= History of the Jews in Monaco =

The location of Monaco (dark green, in circle) in Europe

The history of the Jews in Monaco goes back at least a century, most notably to the time of the Holocaust. Monaco had a very small Jewish presence before World War II, numbering approximately 300 people. During the war, the principality's government issued false identity papers to its Jewish residents to protect them from Nazi deportation. Prince Louis II refused to dismiss Jewish civil servants and protected Édouard de Rothschild from deportation. However, Monaco's police arrested and turned over 42 Central European Jewish refugees to the Nazis.
Sixty Jews were arrested 27–28 August 1942, and ninety in total, according to The Algemeiner.

In 1948, the Association Cultuelle Israelite de Monaco was founded as the official organization of Monaco's Jewish community, and it provides the community with a synagogue, Hebrew school and no kosher food store, but a kosher section in some supermarkets. Today's Jewish community in Monaco consists primarily of retirees from France and the United Kingdom, and there is also a small population of North African and Turkish Jews. More Sephardic Jews came when they were expelled from countries like Morocco, Algeria, Tunisia, Yemen, and South America/ Spain. To them, Monaco and France were alternatives to Israel.

Approximately 1,000 Jewish expatriates of other countries comprise about 2.86% of Monaco's total residents (citizen and non-citizen combined).

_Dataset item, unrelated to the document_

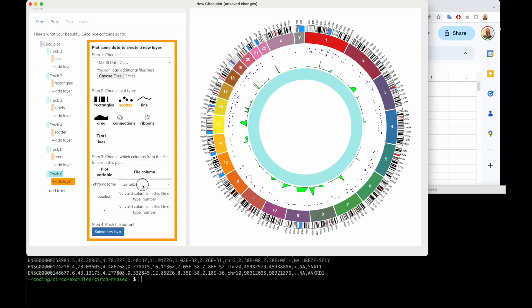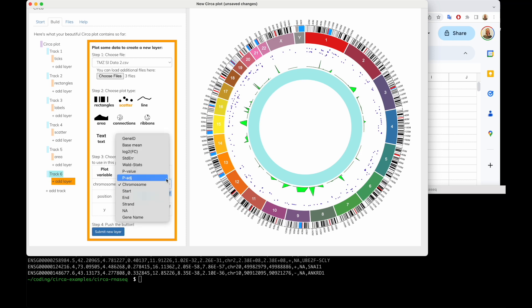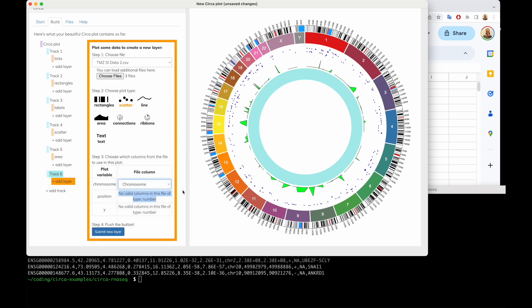Let's say I want to do a scatter plot and I set the chromosome. But it says there are no valid columns in this file of type number. This will only show columns of the data that are the right types. Chromosome is a string — it can be any text. But for position and Y-value, they have to be numbers. So we need to go and take a look at our file.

This means Monaco has the highest per capita total of Jewish residents of any country in the world outside Israel (though not the highest per capita number of Jewish citizens).

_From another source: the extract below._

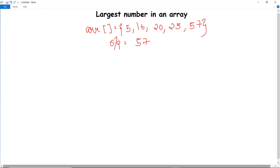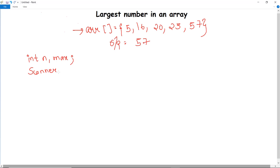So how can we find the largest number in an array with a program? After initializing the class and the void main method, we have to declare two variables: int n and a maximum variable. For taking input, we use the scanner class of Java — Scanner sc — and create a new object with System.in.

Monaco has full diplomatic relations with Israel.

== World War II monument and apology ==
In August 2015, Prince Albert II apologized for the role of Monaco in deporting Jews to Nazi Germany's concentration camps. A monument dedicated to Monaco Jews who were so deported was unveiled by the Prince during that occasion; it stands at the Monaco Cemetery.

== House of Grimaldi ==
The daughter of Caroline, Princess of Hanover, Charlotte Casiraghi, was in a relationship with Moroccan-Jewish stand-up comedian Gad Elmaleh, who had gained notoriety in France, Morocco and the US. They had a son Raphaël, who was born on 17 December 2013 and was baptized. Since they were not married, Raphaël is not included in the line of succession to the Monegasque throne. The couple split in June 2015.